Despite considerable microsurgical innovation in peripheral nerve repair, the outcome has improved little since the 1940s, reflecting surgical inability to adequately address the complex neurobiology of nerve injury and regeneration. Axotomy-induced neuronal death is potentially the most fundamental problem, and given recently published data, a review is timely.


Initial review of relevant doctoral theses from the University of UmeƄ, and Blond-McIndoe Research Laboratories, the University of Manchester, plus initial PubMed search including terms 'neuron death' and 'neuroprotection', subsequently expanded to relevant quoted articles.
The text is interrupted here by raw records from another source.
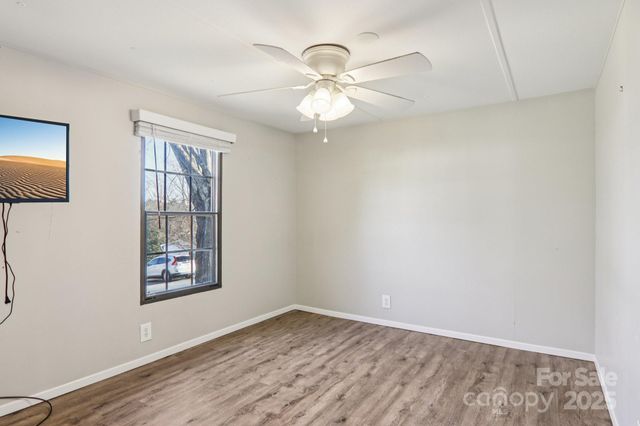 302 Meadowbrook Court, Hendersonville, NC 28792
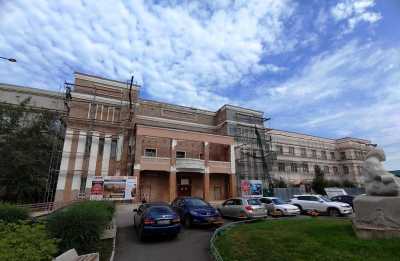 Фасад здания центра имени Кадышева отремонтируют к концу 2023 года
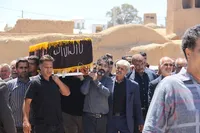 تصاویر/تشییع پیکر پدر شهید امیرسرتیپ محمدرضا فتحی بر دستان مردم رباط پشت بادام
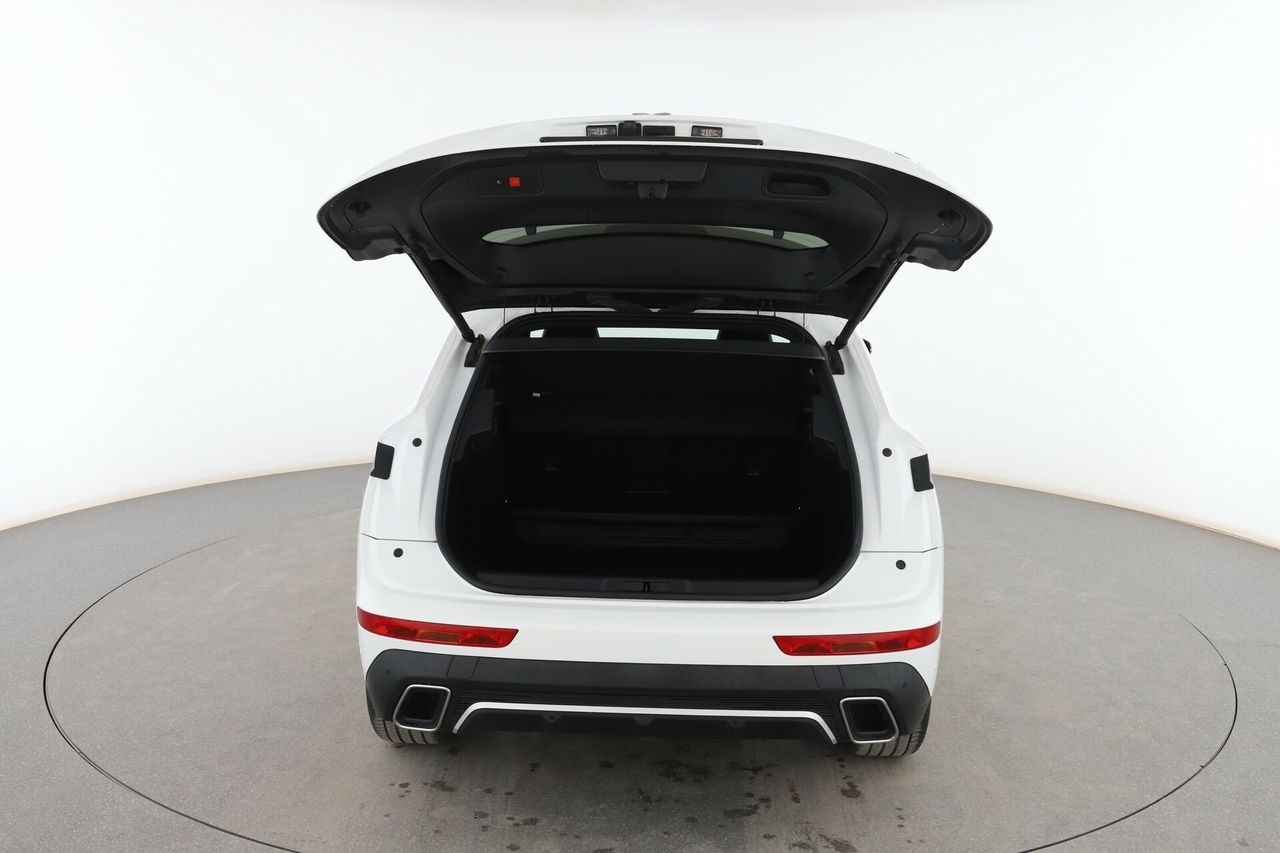Foto DS Automobiles DS 7 17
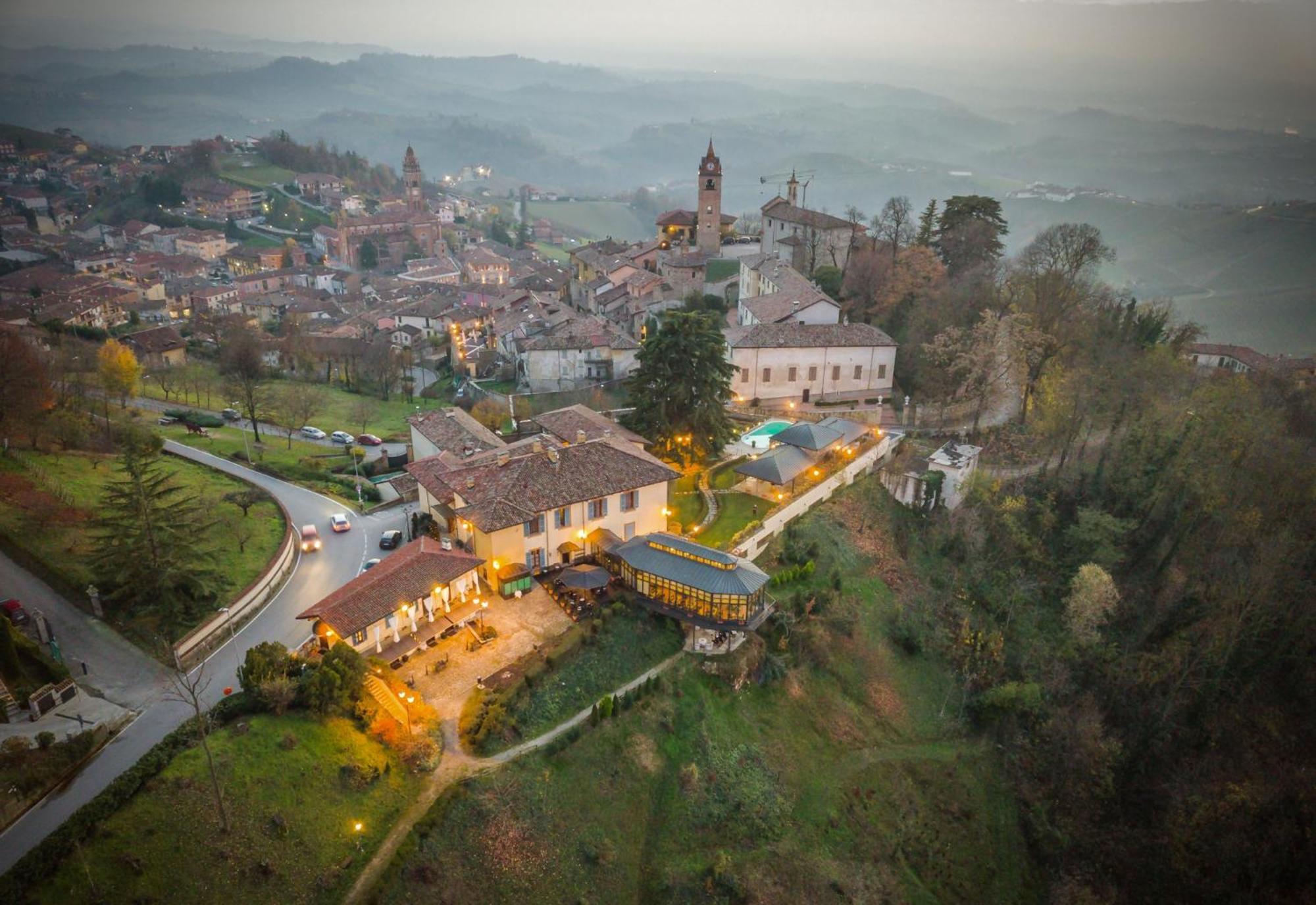 Hotel Villa Beccaris Monforte dʼAlba المظهر الخارجي الصورة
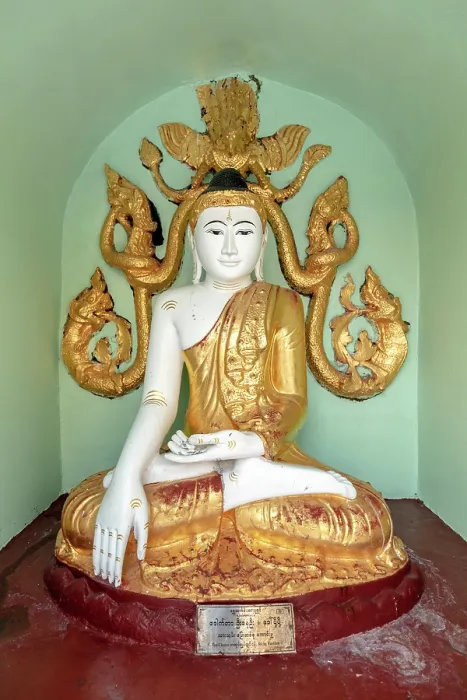 Framed Print : Buddha effigy, Umin Thonze Pagoda, a Buddhist stupa in the Sagaing Hills, Sagaing Region, Myanmar (Burma), Asia Framed Print : Buddha effigy, Umin Thonze Pagoda, a Buddhist stupa in the Sagaing Hills, Sagaing Region, Myanmar (Burma), Asia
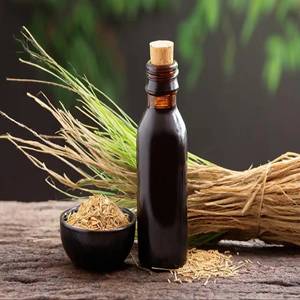 100% reines natürliches ätherisches Khus-Öl für Hautpflege-und Haarpflege-<span class=keywords><strong>Massage</strong></span> öl Zu besten und wettbewerbs fähigen Preisen erhältlich - Product Image 1
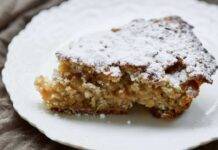 Torta di pan grattato amaretti e cioccolato | Dolce riciclo leggero e soffice Dolce riciclo con pane posato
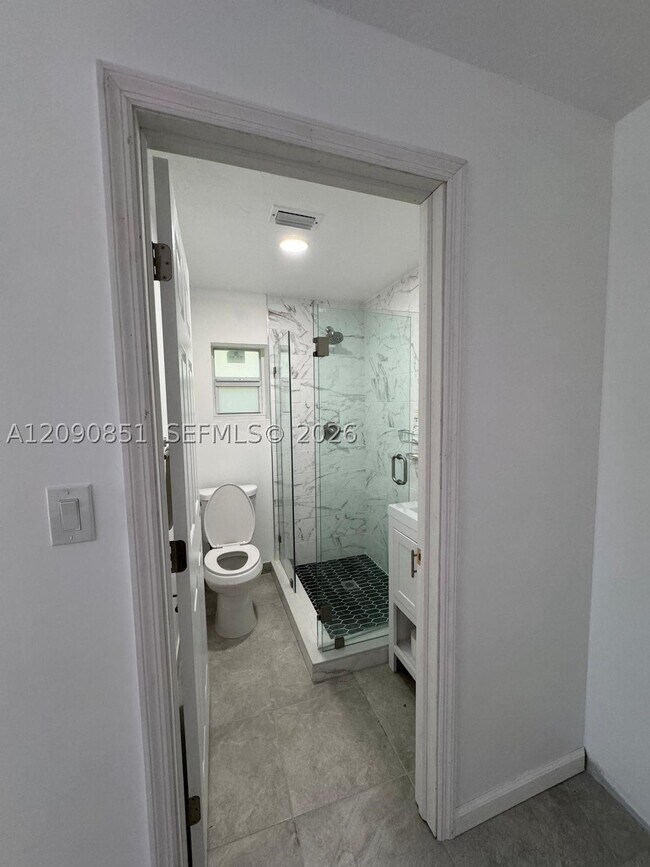 Foto del edificio - 1416 SW 27th St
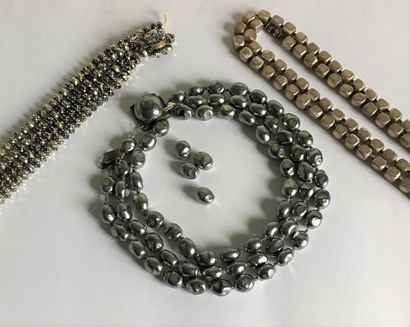 null Ensemble de colliers ( accidentés) en perles fantaisies. Circa 1950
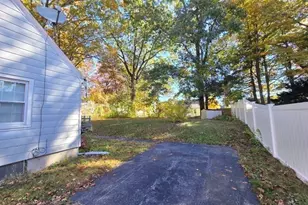 20 Ridgewood Rd, Worcester, MA 01606 - Photo 7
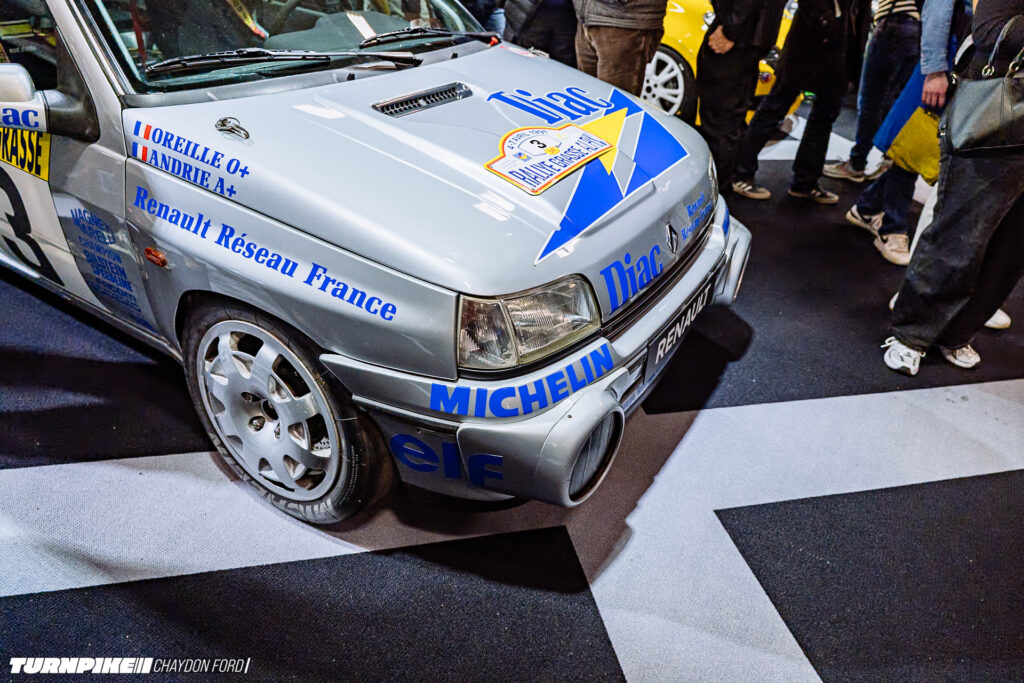 Turnpike-Paris-France-Chaydon-Ford-642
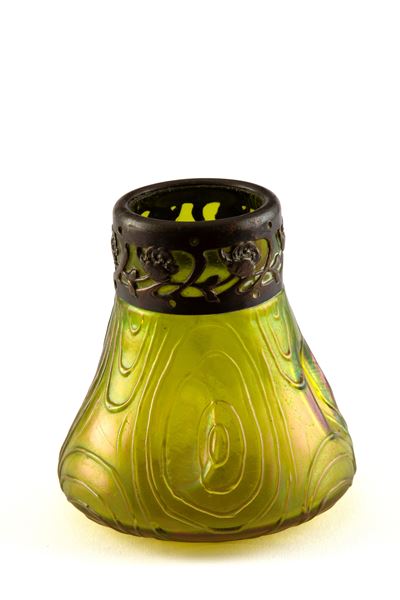LOETZ (Attribuito), Piccolo vaso in vetro iridescente con bordo in argento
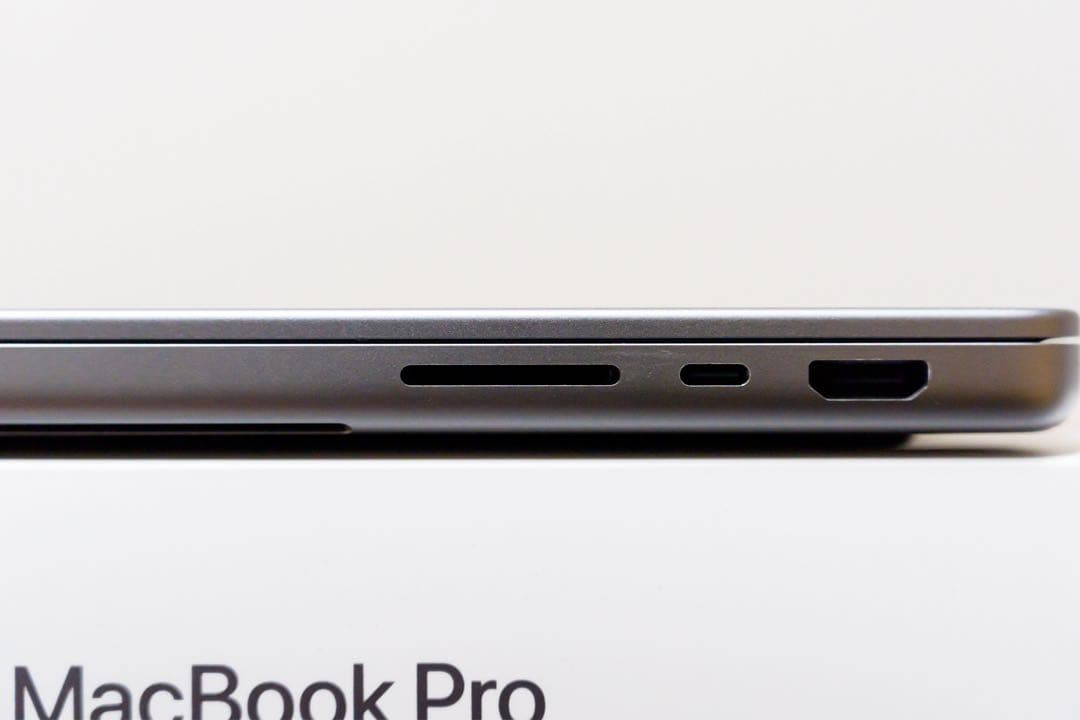 MacBook Pro M1Pro メモリ16GB SSD512GB 14インチ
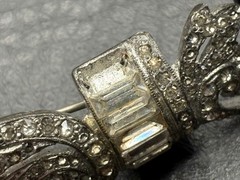 Vintage 1930’s Art Deco Black Faux Onyx Glass Rhinestone Brooch Pin READ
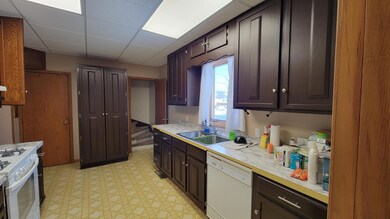 112 Main St E, Clarks Grove, MN 56016 - photo 7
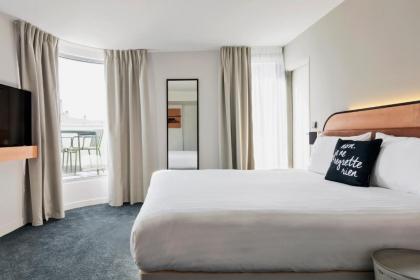 Moxy by Marriott Paris Bastille - image 10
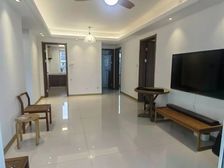 凤凰天境 目前这套 房子保养极好 随时看房有钥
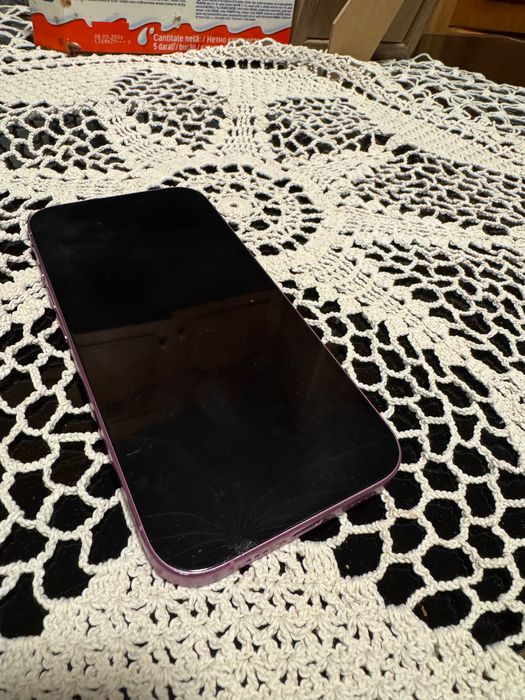 iPhone 16 с кутия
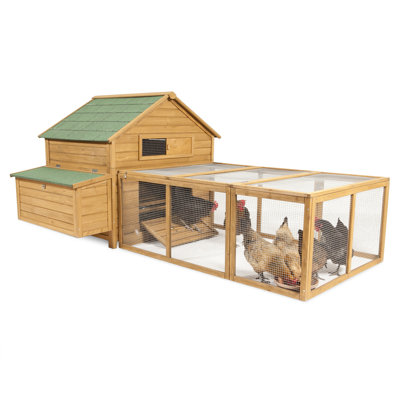 Petmate Doskocil Co Inc 43104 59.5 in. X 40 in. X 46 in. High Capacity Chicken Fort Coop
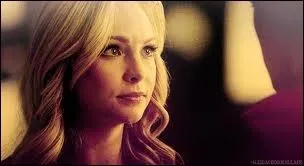 Dans  Le Journal d'un vampire , tome 5, qui a mis Caroline enceinte ?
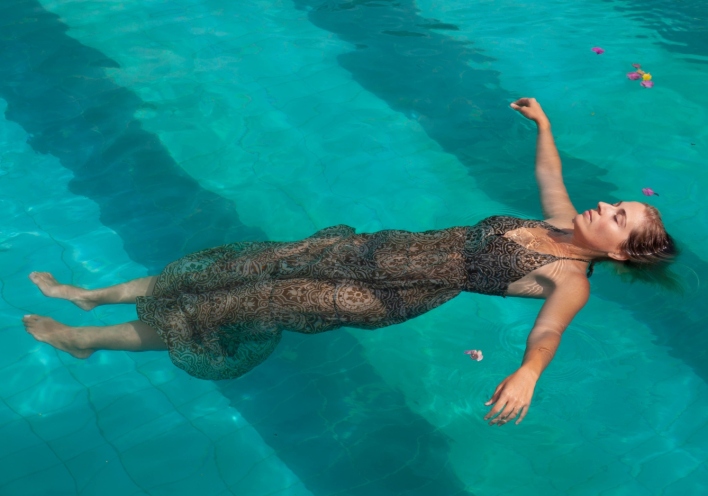 «Phantom Water», το photobook του Παύλου Λάζου για την ανυδρη Σίφνο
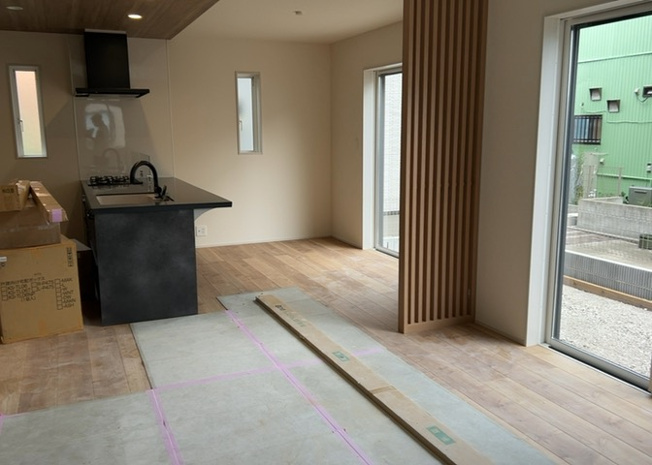 【居間・リビング】 | 弥栄新築戸建 | L型アイランドタイプは、キッチンからダイニングにもリビングにも目が行き届くので、とても使いやすい配置です。L字型独立タイプは、キッチンを独立させてるためLDKというよりもLDといった様なイメージです。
Various factors related to patient (principally age) and injury (Sunderland grade, proximity to cell body and mechanism) determine the extent of neuronal death, the mechanism of which is reviewed. A considerable proportion of sensory neurons (particularly small cutaneous afferents) die after distal injury and death is more widespread after proximal injury. Motor neurons are susceptible to post-ganglionic plexus and spinal root level injury. Root avulsion causes the greatest cell death. The time course of neuronal death is fortuitously slow and mainly occurs by a process akin to apoptosis. A therapeutic window therefore exists, as do potential neuroprotective targets. Nerve repair is partly neuroprotective, but must be performed early. Exogenous neurotrophic factor administration (e.g. in tissue engineered conduits) is beneficial, but not practical for various reasons. In contrast, adjuvant neuroprotective pharmacotherapy is practical, and two clinically safe agents are reviewed. Acetyl-L-carnitine arrests sensory neuronal death and speeds up regeneration. N-acetyl-cysteine provides comparable sensory neuronal protection via mitochondrial preservation and protects motor neurons. Both agents are well characterized experimentally and highly effective even after clinically relevant delays between injury and treatment. Barriers to translational research are being addressed.


The future of peripheral nerve repair lies in modulating neurobiology at the time of injury, repair and during regeneration. Neuroprotection may be an essential component of that therapeutic package.